Uno può non essere d’accordo con il merito della proposta politica, ma deve riconoscere che il metodo è perfettamente legittimo. Come partito ti avvicini criticamente a un movimento, ne sottolinei limiti e potenzialità e tenti di diffondere il tuo punto di vista. Nessuna macchia. Il problema è che – se sei un partito comunista – difficilmente potrai affermarti come una guida, o anche solo una possibile soluzione. Quello che puoi offrire è il tuo protocollo d’azione, burocratizzato, obsoleto e addirittura alienante. Oggi, esattamente come dieci anni fa, i comunisti rischiano di essere quelli che ti prendono mentre protesti perché il mondo non ti piace, ti offrono un punto di vista coerente e filosoficamente ben supportato, e poi ti affogano in una serie di beghe del cazzo tra partiti, microcorrenti, clan e settarismi d’ogni tipo. Inizi che volevi salvare il clima, ti ritrovi ad elaborare strategie per metterla al culo ai trotskisti e prendere la testa del prossimo corteo. E allora, come fece qualcuno di mia conoscenza, semplicemente te ne vai e li lasci a cuocere nel loro brodo.

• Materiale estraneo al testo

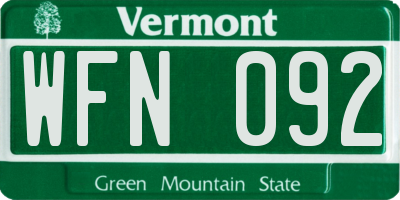 VT license plate WFN092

Ovviamente non è il solo problema. Il fatto di ostinarsi a lavorare in strutture di partito concepite per somigliare a quelle del secolo scorso è solo uno dei tanti aspetti di una politica obsoleta che si, attrae ancora molti militanti, ma non fa che dimostrarsi poco utile.

Sapere che in Italia ci sono 30 mila persone disposte a impegnarsi in politica alzando la bandiera rossa, nel 2019 del Capitano e del premier Conte, in effetti è qualcosa che da una certa speranza, al di là delle differenze politiche. Rendersi conto che i loro sforzi sono resi vani dalla frammentazione è qualcosa che fa male. Dispiace, perché i comunisti non solo non sono pochi, ma non sono neanche del tutto matti, perché nonostante il passare degli anni l’analisi marxista restituisce un’immagine fedele della realtà contemporanea e perché si, la prorità resta quella di abbattere e superare un sistema che ci sta lentamente uccidendo.

E allora, cari comunisti, forse è il momento di dirvelo con todo cariño ma con altrettanta fermezza: avete rotto il cazzo.